Session: Optimisation and machine learning in energy
Chair: Hongyu Zhang
Cluster: Optimization Applications (Communication, Energy, Health, ML, ...)
Talk 1: A Computationally Efficient Cutting Plane Modelling to Generate Alternatives Algorithm
Speaker: Michael Lau
Abstract: Contemporary macro-energy systems modelling is characterized by the need to represent energy systems strategic and operational decisions with high temporal and spatial resolution, which provides more accurate results than more abstracted models. This drive towards greater fidelity, however, conflicts with a push towards greater model representation of inherent complexity in decision-making, including methods like Modelling to Generate Alternatives. Modelling to Generate Alternatives aims to map the feasible space of a model within a cost slack by varying investment parameters without changing the operational constraints, a process which frequently requires hundreds of solutions. For large, highly representative energy system models this is impossible with traditional methods, leading researchers to reduce complexity with either more zonal or temporal aggregation. This research presents a new solution method for Modelling to Generate Alternatives-type problems. Using Cutting Plane methods based on a reformulation of Bender’s Decomposition, we break down the problem structure into a strategic master problem and operational subproblems and pass information between master problems to accelerate convergence with each new objective. We find that our new solution method is several times faster and requires less memory than existing parallelized monolithic Modelling to Generate Alternatives solution methods, enabling rapid computation of a greater number of solutions to highly resolved models.
Talk 2: Multi-timescale stochastic programming with application in power systems
Speaker: Yihang Zhang
Abstract: We introduce a multi-timescale stochastic programming framework for decision-making under multi-timescale uncertainty. Aggregated state variables are used to coordinate decisions across timescales, similar to the role of state variables in a multistage problem. Based on this setup, we describe instantiation strategies that use either multi-horizon scenario trees (to model multi-lag dependence on a timescale) or a specialized value function to fully exploit independence of the randomness within the timescale. We develop decomposition algorithms (price-directive or resource-directive) to incrementally approximate and solve the resulting problem. In addition to techniques used in multistage problems, we describe solution-reusing heuristics to accelerate the solution process by leveraging similarities between subproblems.

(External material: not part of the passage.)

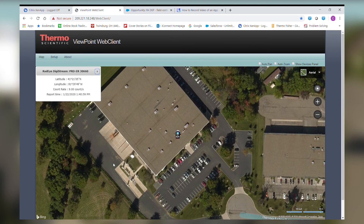You can also notice that the alarm indication on the window has disappeared as well. That was a quick demonstration of a Radeye PRD going into an alarm state as shown on the Viewpoint web client. Thank you, and I hope you found this demonstration helpful and informative.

Talk 3: A Deep Generative Learning Approach for Two-stage Adaptive Robust Optimization
Speaker: Aron Brenner
Abstract: Two-stage adaptive robust optimization (ARO) is a powerful approach for planning under uncertainty, balancing first-stage decisions with recourse decisions made after uncertainty is realized. To account for uncertainty, modelers typically define a simple uncertainty set over which potential outcomes are considered. However, classical methods for defining these sets unintentionally capture a wide range of unrealistic outcomes, resulting in overly-conservative and costly planning in anticipation of unlikely contingencies. In this work, we introduce AGRO, a solution algorithm that performs adversarial generation for two-stage adaptive robust optimization using a variational autoencoder. AGRO generates high-dimensional contingencies that are simultaneously adversarial and realistic, improving the robustness of first-stage decisions at a lower planning cost than standard methods. To ensure generated contingencies lie in high-density regions of the uncertainty distribution, AGRO defines a tight uncertainty set as the image of “latent" uncertainty sets under the VAE decoding transformation. Projected gradient ascent is then used to maximize recourse costs over the latent uncertainty sets by leveraging differentiable optimization methods. We demonstrate the cost-efficiency of AGRO by applying it to both a synthetic production-distribution problem and a real-world power system expansion setting. We show that AGRO outperforms the standard column-and-constraint algorithm by up to 1.8% in production-distribution planning and up to 11.6% in power system expansion.